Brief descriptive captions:
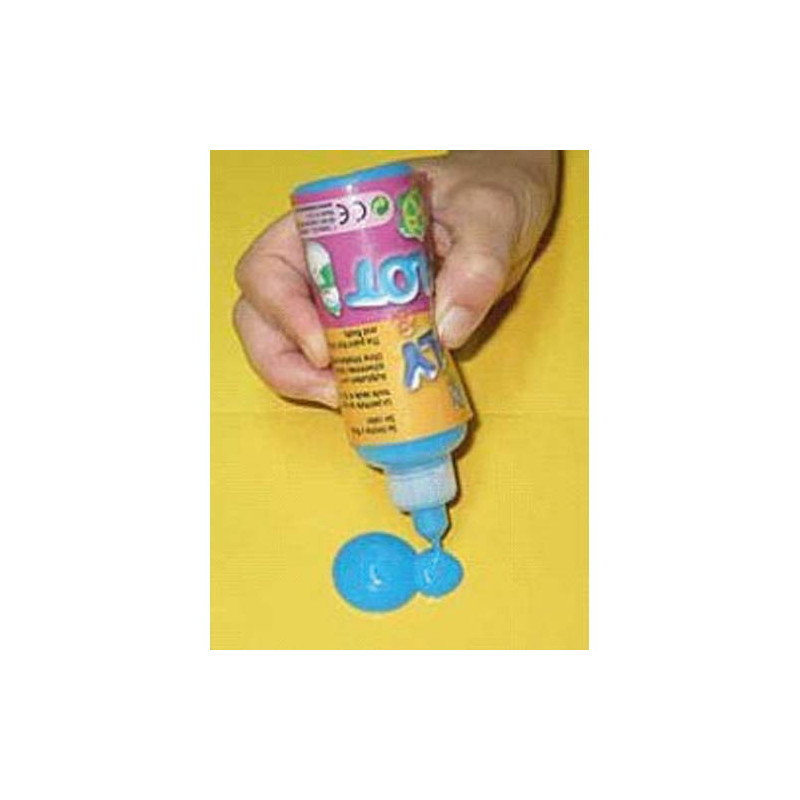 Coffret Fly and Flot : 5 flacons, 2 stylos applicateurs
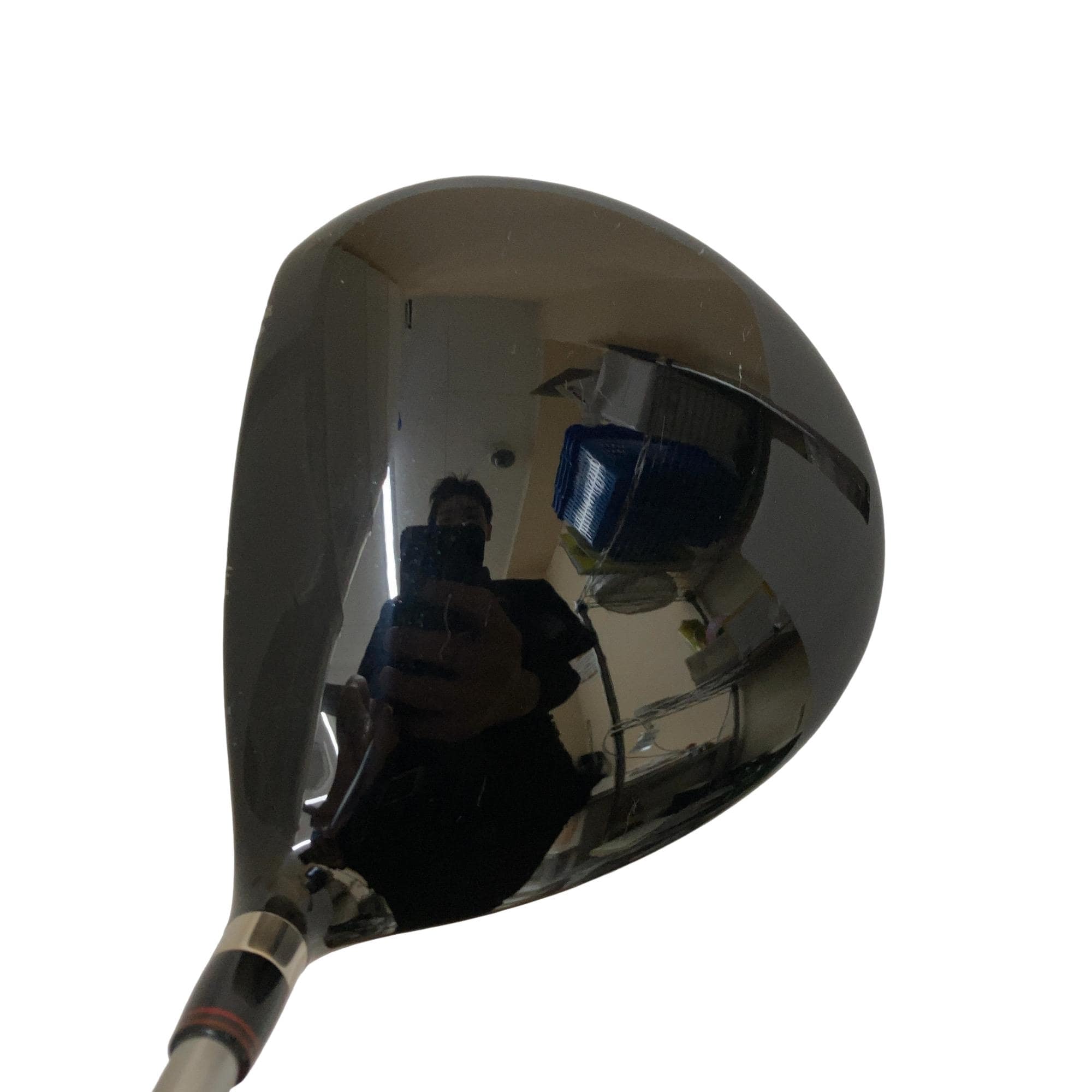 �s�n�t�q�r�s�`�f�d�@�w�|�c�q�h�u�d�@�f�q�i�Q�O�P�O�j�@�@�X�D�T°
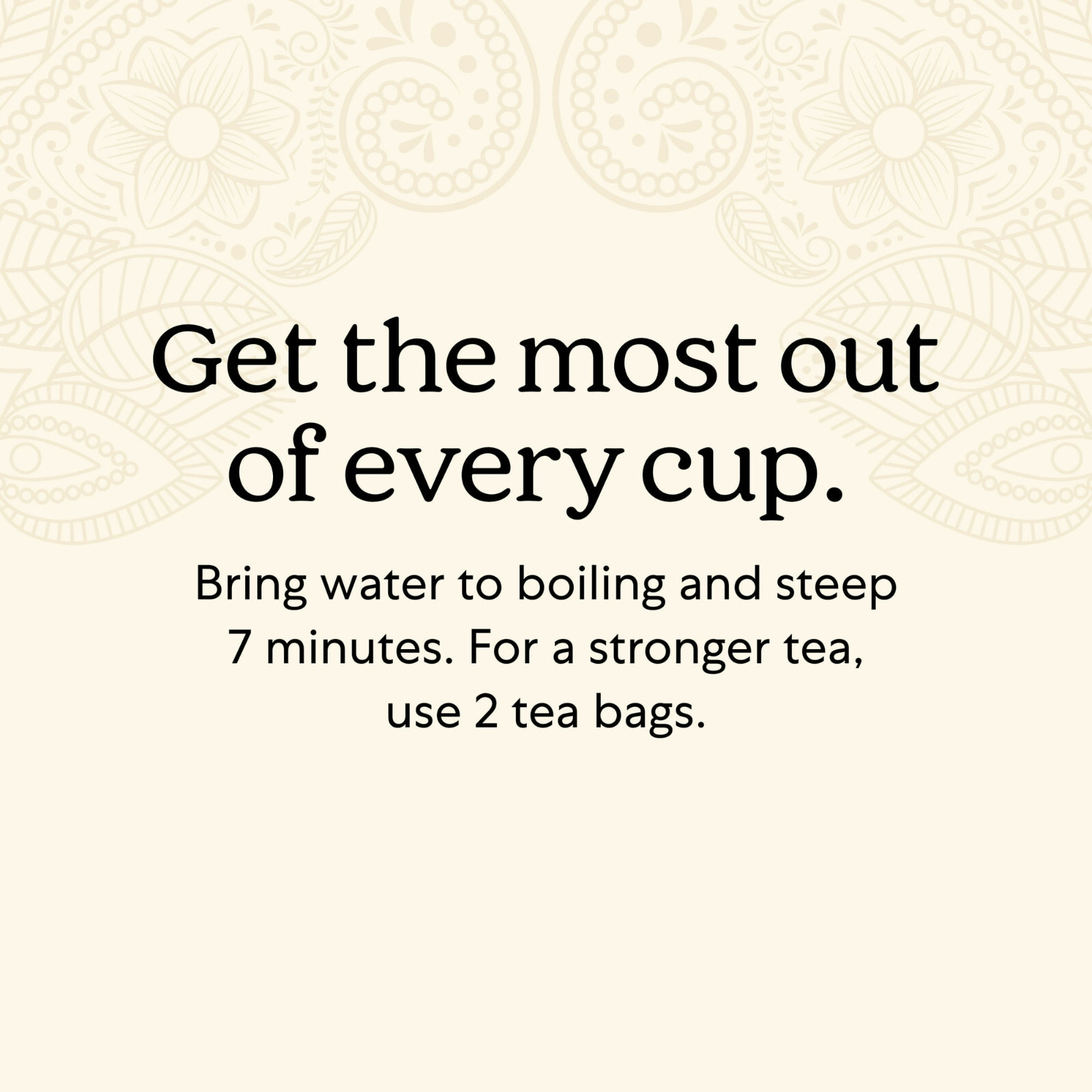 Yogi Tea DeTox, Caffeine-Free Organic Herbal Tea Bags, 16 Count | Pack of 2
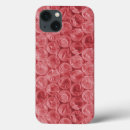Search for spelling iphone cases Red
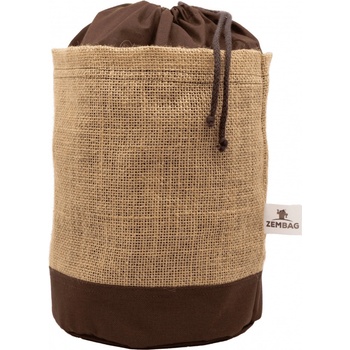 Zembag na 2 5 kg brambor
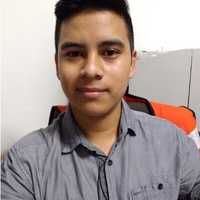 Avatar Jorge Villalobos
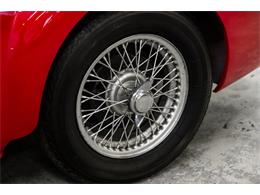 1962 MG MGA (CC-2107703) for sale in Lebanon, Tennessee
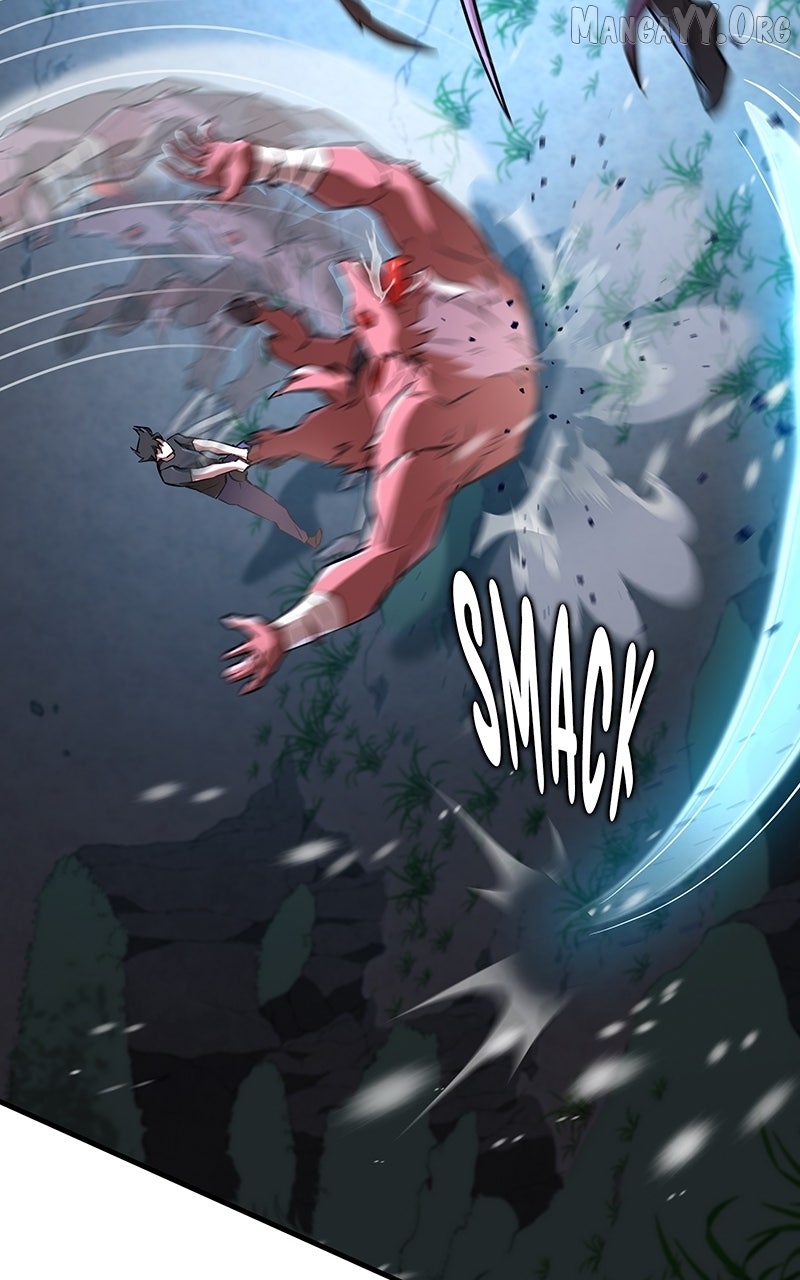Read System Universe Manga Online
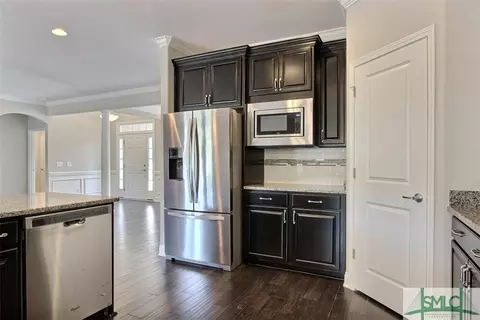 213 Tahoe, Pooler, GA 31322 photo 11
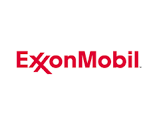 ExxonMobil � ���������� ���������� �������� ���������� � Siem Offshore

* _WHAT YOU ARE ASKED TO DO_:
Write out again the lines from the one with "Read System Universe Manga Online" through the end of the records exactly, without any of the pictures.

* _FINISHED EXERCISE_:
Read System Universe Manga Online
 213 Tahoe, Pooler, GA 31322 photo 11
 ExxonMobil � ���������� ���������� �������� ���������� � Siem Offshore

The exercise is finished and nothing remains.